The Nielsen TV ratings have been produced in the United States since the 1950–51 television season, statistically measuring which programs are watched by segments of the American population. The most well-known portion is the "diary". During the four "sweeps" months of February, May, July and November, Nielsen interviewers in Oldsmar, Florida, and Radcliff, Kentucky, ask homes to fill out a one-week diary of the programs watched in their household.

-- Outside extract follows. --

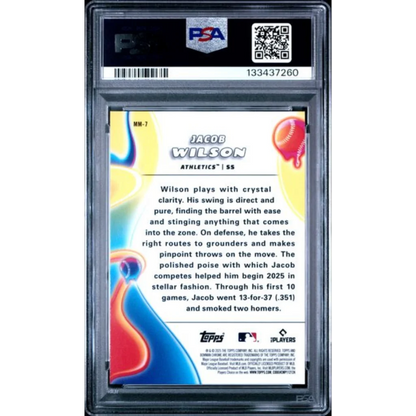 Graded 2025 Topps Bowman Chrome Jacob Wilson #MM7 Melt Mashers Rookie RC Baseball Card PSA 10 Gem Mint | PSA 10 Gem Mint Graded Rookie Card | vintageantiquesgifts.com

The Nielsen sample included about 1,700 homes with audiometers and a rotating group of nearly 850 diary respondents by the early 1980s. Nielsen launched its Nielsen Homevideo Index in 1980 to measure cable, pay cable, and VCRs; the NHI began offering daily cable ratings in 1982, with steady expansions made into the mid-2000s. In 2003, Nielsen began adjusting its counting methods and emphasized its sample in response to demographic changes and requests from some industry sectors. Nielsen introduced its automated Local People Meter technology in New York and Los Angeles. The LPM enhanced Nielsen's measurement method by shifting from an active, diary-based system to a passive, meter-monitored one. The LPM accurately measures local-level markets instead of relying on a national sample. While diary-based surveys focused on quarterly sweeps, the industry has shifted towards year-round measurement thanks to the automated LPM system.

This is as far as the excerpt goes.